■ WHAT THE TASK REQUIRES
Below are the records; print exactly the lines from the one with "1 is a perfect square, and" through the last, both included, and leave the pictures out.

■ EXTRACTED MATERIAL
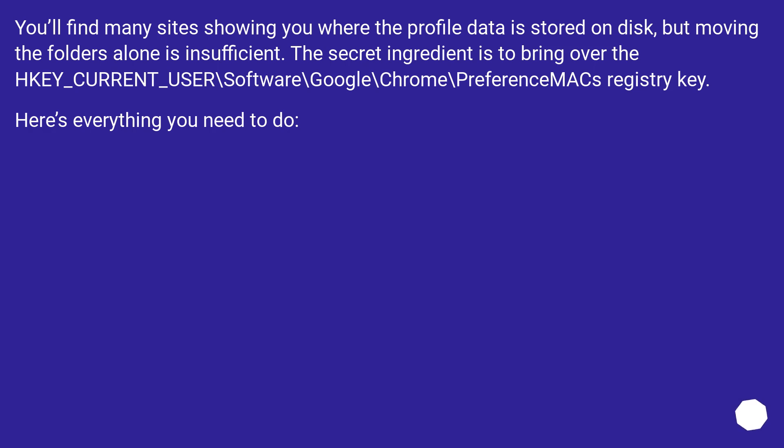You'll find many sites showing you where the profile data is stored on disk, but moving the folders alone is insufficient. The secret ingredient is to bring over the HKEY_CURRENT_USER\Software\Google\Chrome\PreferenceMACs registry key. Here's everything you need to do.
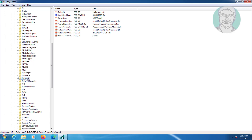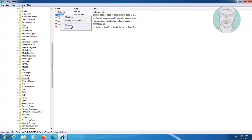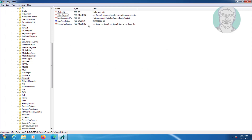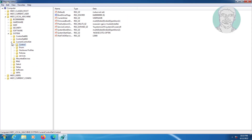Click Network, delete the Configd word, then close the Registry Editor and restart your system.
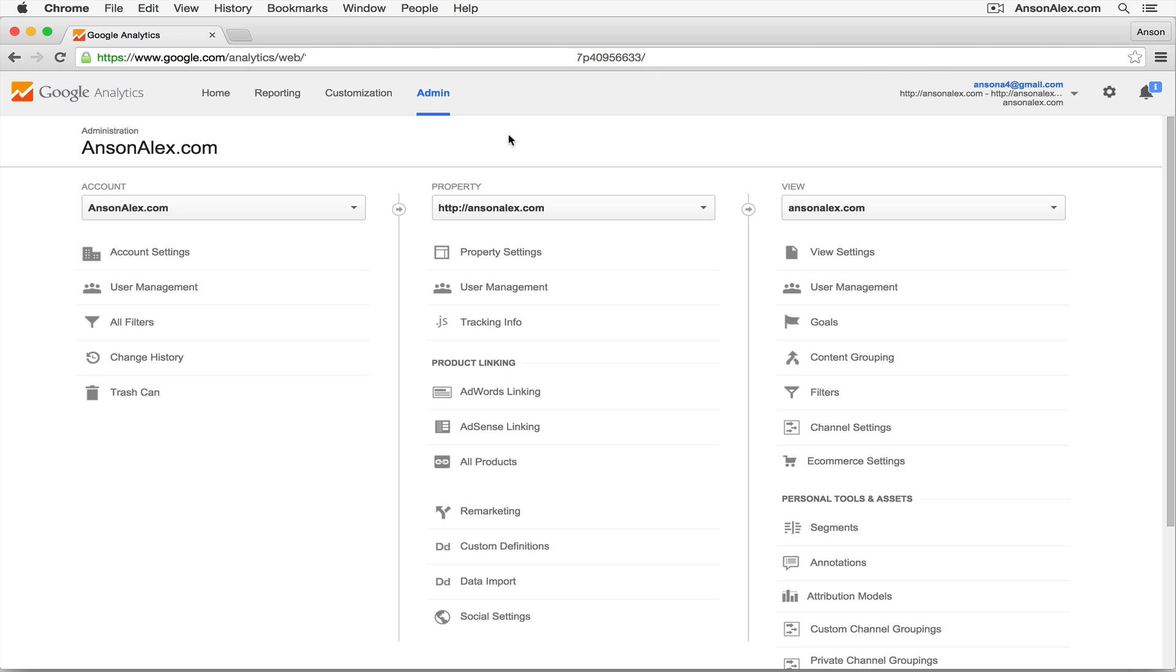When I do that, I'm brought to a screen that has three different columns. I have an entire account column, I have just my property column, and then I have my view column.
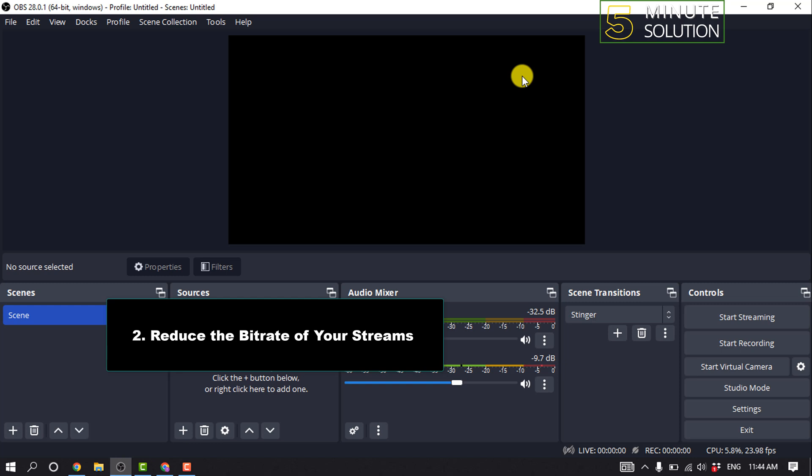You want to find a bitrate that you can stream consistently, as any spikes in bitrate will likely cause stuttering. Method 3: If live streaming over Wi-Fi, try using an internet cable.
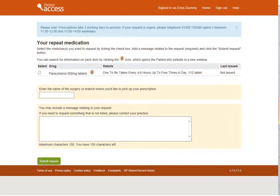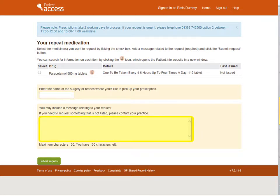Your repeat medications will be shown in a list. Select the check box next to each item required. Enter the name of the surgery from where you'd like to collect your prescription. You may include a message relating to your request; however, if you need to request something not listed, please contact your GP practice. Once you've entered all information, select Submit Request.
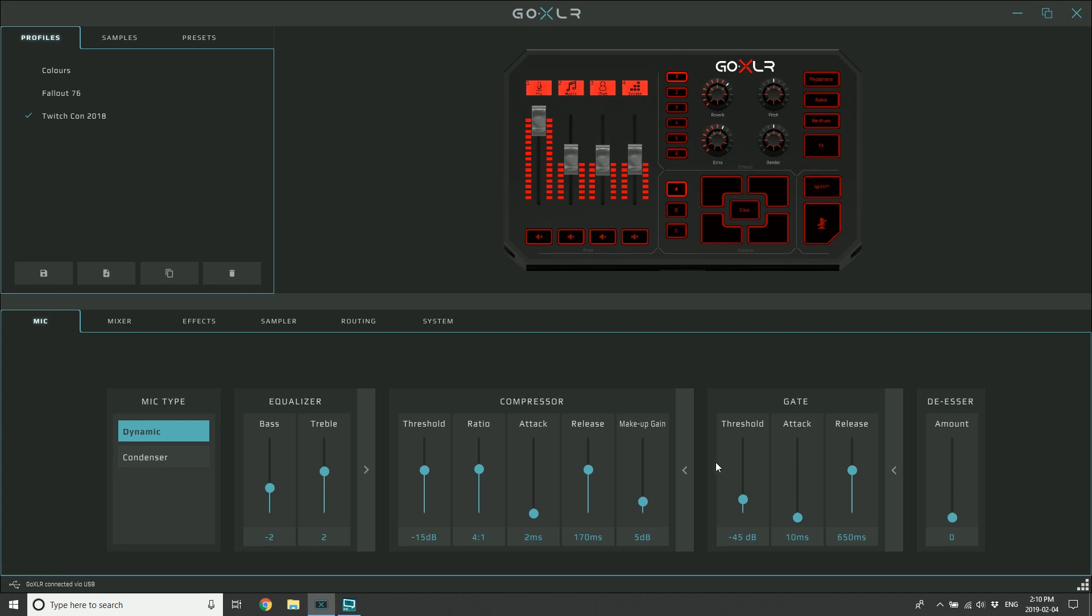The attack - how fast does the gate open when it hears me speaking? You want that to happen as fast as possible, otherwise you might be in a situation where you're cutting off T's and S's in the very beginnings of sounds, and it can make things sound a little bit weird. So there's really no reason to not just have this down as low as it will go. But we put the control in there anyway if you wanted to do something strange with an effect or something like that.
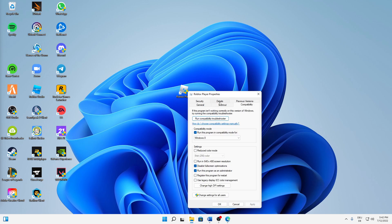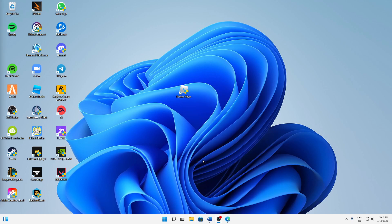Then change over to the Compatibility tab where we're also going to set a few settings. First, try running the program in compatibility mode — check that setting and Windows 8 is perfectly fine. Also, make sure to disable full screen optimizations and to run this program as administrator every time you launch it. Then click Apply and OK.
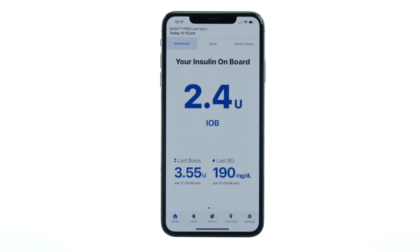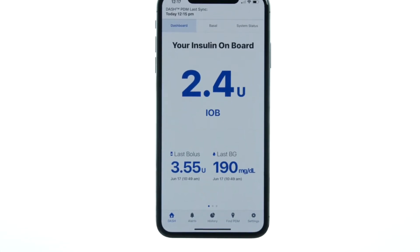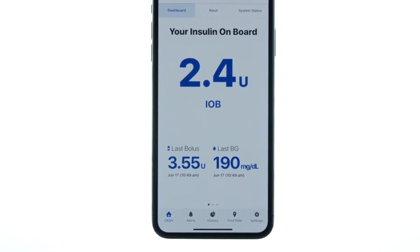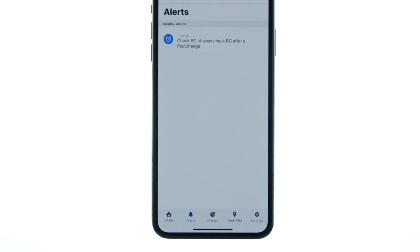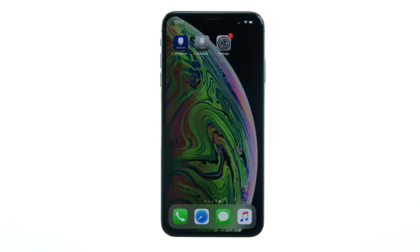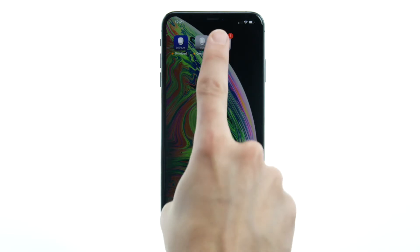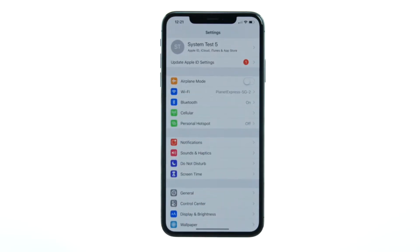Notifications and alarms can be viewed on the Alerts screen within the Display app. To be notified each time a new message arrives, from the iOS home screen, tap Settings, then tap Notifications.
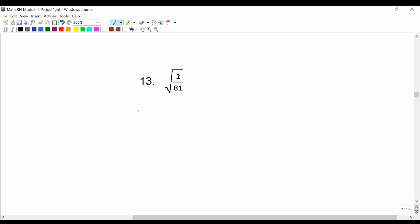1 is a perfect square, and 81 is a perfect square, which means that 1 ninth times 1 ninth is 1 81st. So we have 1 ninth.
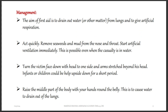Turn the victim face down with head to one side and arms stretched beyond the head. Infants or children can be held upright downwards for a short period. This is all in an attempt to remove water — the face is facing down with arms stretched beyond the head.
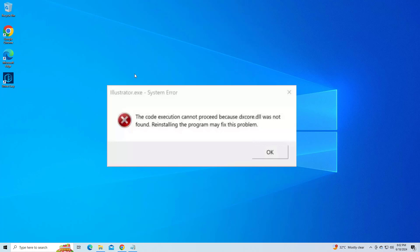How to fix dcscore.dll is either not designed to run on Windows or it contains an error. In this video I will show you a few methods to fix the problem.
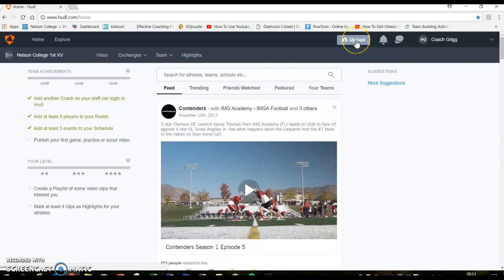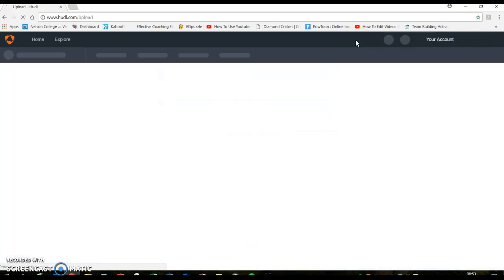And if I go up here with the mouse to upload, see it's got select files or drag and drop files.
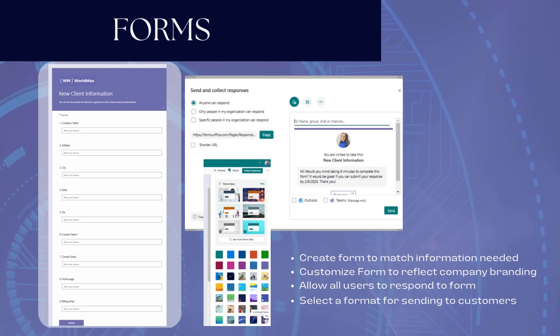The first thing you'll have to do in this flow is create the Microsoft Form. Here I have all the information I need for the documents I want to populate. You'll also want to customize the theme to put it on brand for your organization. You also need to specify that everyone can submit responses, and then select how you're going to share the form with your customers.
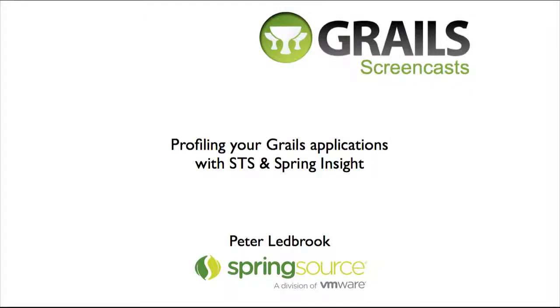Hi, I'm Peter Ludbrook and in this screencast I'll show you how to profile a Grails application with Spring Source Tool Suite and Spring Insight.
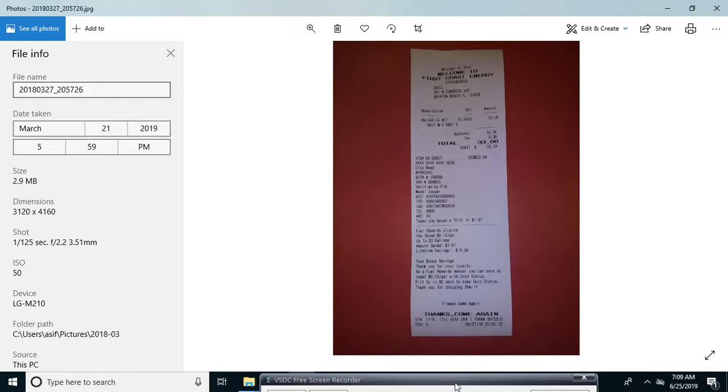So you want to change it in time. Go here, click here and go to File Info.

■ RESPONSE
1 is a perfect square, and 81 is a perfect square, which means that 1 ninth times 1 ninth is 1 81st. So we have 1 ninth.
Turn the victim face down with head to one side and arms stretched beyond the head. Infants or children can be held upright downwards for a short period. This is all in an attempt to remove water — the face is facing down with arms stretched beyond the head.
How to fix dcscore.dll is either not designed to run on Windows or it contains an error. In this video I will show you a few methods to fix the problem.
And if I go up here with the mouse to upload, see it's got select files or drag and drop files.
The first thing you'll have to do in this flow is create the Microsoft Form. Here I have all the information I need for the documents I want to populate. You'll also want to customize the theme to put it on brand for your organization. You also need to specify that everyone can submit responses, and then select how you're going to share the form with your customers.
Hi, I'm Peter Ludbrook and in this screencast I'll show you how to profile a Grails application with Spring Source Tool Suite and Spring Insight.
So you want to change it in time. Go here, click here and go to File Info.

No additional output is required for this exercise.